** Opening INPUT RECORDS block **

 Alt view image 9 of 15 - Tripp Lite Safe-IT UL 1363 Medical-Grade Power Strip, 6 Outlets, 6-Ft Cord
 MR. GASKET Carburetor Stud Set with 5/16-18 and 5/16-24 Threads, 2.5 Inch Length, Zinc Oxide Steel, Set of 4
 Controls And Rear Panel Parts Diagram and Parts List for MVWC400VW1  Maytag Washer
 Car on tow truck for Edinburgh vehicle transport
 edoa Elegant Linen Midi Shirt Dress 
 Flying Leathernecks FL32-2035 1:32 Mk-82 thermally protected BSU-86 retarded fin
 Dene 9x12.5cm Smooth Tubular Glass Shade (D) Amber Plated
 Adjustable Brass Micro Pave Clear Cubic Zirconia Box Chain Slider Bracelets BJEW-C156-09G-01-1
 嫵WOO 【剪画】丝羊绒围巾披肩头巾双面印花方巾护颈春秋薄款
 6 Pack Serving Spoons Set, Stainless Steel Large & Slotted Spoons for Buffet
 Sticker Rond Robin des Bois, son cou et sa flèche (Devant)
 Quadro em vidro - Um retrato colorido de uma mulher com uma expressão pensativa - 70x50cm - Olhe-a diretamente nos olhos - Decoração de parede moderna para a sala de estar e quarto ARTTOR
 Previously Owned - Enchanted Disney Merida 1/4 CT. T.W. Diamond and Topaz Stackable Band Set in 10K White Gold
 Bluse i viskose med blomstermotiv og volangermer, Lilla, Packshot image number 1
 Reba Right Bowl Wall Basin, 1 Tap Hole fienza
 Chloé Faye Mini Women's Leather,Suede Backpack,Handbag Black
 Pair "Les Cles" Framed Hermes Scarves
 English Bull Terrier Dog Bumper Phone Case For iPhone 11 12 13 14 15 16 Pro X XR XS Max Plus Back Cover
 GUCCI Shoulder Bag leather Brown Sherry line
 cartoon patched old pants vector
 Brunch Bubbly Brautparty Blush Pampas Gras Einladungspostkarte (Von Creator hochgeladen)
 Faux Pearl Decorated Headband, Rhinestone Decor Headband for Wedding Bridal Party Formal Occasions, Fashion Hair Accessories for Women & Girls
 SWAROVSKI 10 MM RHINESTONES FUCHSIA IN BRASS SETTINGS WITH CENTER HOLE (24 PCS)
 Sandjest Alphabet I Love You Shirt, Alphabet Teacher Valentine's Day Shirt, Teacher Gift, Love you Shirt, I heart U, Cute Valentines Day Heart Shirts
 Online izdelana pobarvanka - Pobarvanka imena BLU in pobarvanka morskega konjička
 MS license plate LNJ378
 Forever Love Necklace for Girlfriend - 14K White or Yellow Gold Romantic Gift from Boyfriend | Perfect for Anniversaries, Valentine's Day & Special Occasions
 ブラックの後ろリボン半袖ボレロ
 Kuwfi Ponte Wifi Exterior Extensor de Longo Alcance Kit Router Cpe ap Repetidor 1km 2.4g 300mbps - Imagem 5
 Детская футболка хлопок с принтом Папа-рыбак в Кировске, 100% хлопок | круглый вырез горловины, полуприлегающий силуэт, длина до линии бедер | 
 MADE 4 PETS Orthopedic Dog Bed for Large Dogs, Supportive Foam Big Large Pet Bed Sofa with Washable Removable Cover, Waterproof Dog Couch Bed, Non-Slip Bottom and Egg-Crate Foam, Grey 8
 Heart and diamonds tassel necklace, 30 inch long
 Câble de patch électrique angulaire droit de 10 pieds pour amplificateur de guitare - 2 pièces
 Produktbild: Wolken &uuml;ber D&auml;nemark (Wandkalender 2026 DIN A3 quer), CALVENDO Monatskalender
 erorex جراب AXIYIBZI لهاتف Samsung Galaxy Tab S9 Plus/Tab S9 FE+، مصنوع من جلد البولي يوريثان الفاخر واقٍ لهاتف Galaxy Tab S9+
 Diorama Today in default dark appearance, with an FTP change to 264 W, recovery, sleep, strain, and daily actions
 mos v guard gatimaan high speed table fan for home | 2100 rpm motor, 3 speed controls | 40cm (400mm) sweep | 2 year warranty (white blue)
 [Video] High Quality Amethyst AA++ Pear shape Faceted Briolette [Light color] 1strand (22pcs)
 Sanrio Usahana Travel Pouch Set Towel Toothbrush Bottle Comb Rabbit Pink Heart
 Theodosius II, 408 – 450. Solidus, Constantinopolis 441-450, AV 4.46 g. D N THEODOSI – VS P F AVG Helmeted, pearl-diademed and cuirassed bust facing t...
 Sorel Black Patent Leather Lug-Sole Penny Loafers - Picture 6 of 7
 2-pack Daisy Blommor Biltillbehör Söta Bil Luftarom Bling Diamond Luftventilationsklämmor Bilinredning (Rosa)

** Closing INPUT RECORDS block **

PROBLEM TO WORK ON
Retype the records above exactly, from their first line through the line that contains "Framed Hermes Scarves", and stop there.

COMPLETED EXERCISE
 Alt view image 9 of 15 - Tripp Lite Safe-IT UL 1363 Medical-Grade Power Strip, 6 Outlets, 6-Ft Cord
 MR. GASKET Carburetor Stud Set with 5/16-18 and 5/16-24 Threads, 2.5 Inch Length, Zinc Oxide Steel, Set of 4
 Controls And Rear Panel Parts Diagram and Parts List for MVWC400VW1  Maytag Washer
 Car on tow truck for Edinburgh vehicle transport
 edoa Elegant Linen Midi Shirt Dress 
 Flying Leathernecks FL32-2035 1:32 Mk-82 thermally protected BSU-86 retarded fin
 Dene 9x12.5cm Smooth Tubular Glass Shade (D) Amber Plated
 Adjustable Brass Micro Pave Clear Cubic Zirconia Box Chain Slider Bracelets BJEW-C156-09G-01-1
 嫵WOO 【剪画】丝羊绒围巾披肩头巾双面印花方巾护颈春秋薄款
 6 Pack Serving Spoons Set, Stainless Steel Large & Slotted Spoons for Buffet
 Sticker Rond Robin des Bois, son cou et sa flèche (Devant)
 Quadro em vidro - Um retrato colorido de uma mulher com uma expressão pensativa - 70x50cm - Olhe-a diretamente nos olhos - Decoração de parede moderna para a sala de estar e quarto ARTTOR
 Previously Owned - Enchanted Disney Merida 1/4 CT. T.W. Diamond and Topaz Stackable Band Set in 10K White Gold
 Bluse i viskose med blomstermotiv og volangermer, Lilla, Packshot image number 1
 Reba Right Bowl Wall Basin, 1 Tap Hole fienza
 Chloé Faye Mini Women's Leather,Suede Backpack,Handbag Black
 Pair "Les Cles" Framed Hermes Scarves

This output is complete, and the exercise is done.